— What to do —
Output everything in the listing exactly, with no line missing.

— Data section —
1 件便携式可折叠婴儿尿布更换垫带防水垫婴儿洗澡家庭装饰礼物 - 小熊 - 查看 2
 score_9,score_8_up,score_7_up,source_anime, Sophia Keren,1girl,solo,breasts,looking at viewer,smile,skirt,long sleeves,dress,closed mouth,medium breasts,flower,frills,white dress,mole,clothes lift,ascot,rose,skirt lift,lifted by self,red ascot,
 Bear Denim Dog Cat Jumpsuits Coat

— Result for this task —
1 件便携式可折叠婴儿尿布更换垫带防水垫婴儿洗澡家庭装饰礼物 - 小熊 - 查看 2
 score_9,score_8_up,score_7_up,source_anime, Sophia Keren,1girl,solo,breasts,looking at viewer,smile,skirt,long sleeves,dress,closed mouth,medium breasts,flower,frills,white dress,mole,clothes lift,ascot,rose,skirt lift,lifted by self,red ascot,
 Bear Denim Dog Cat Jumpsuits Coat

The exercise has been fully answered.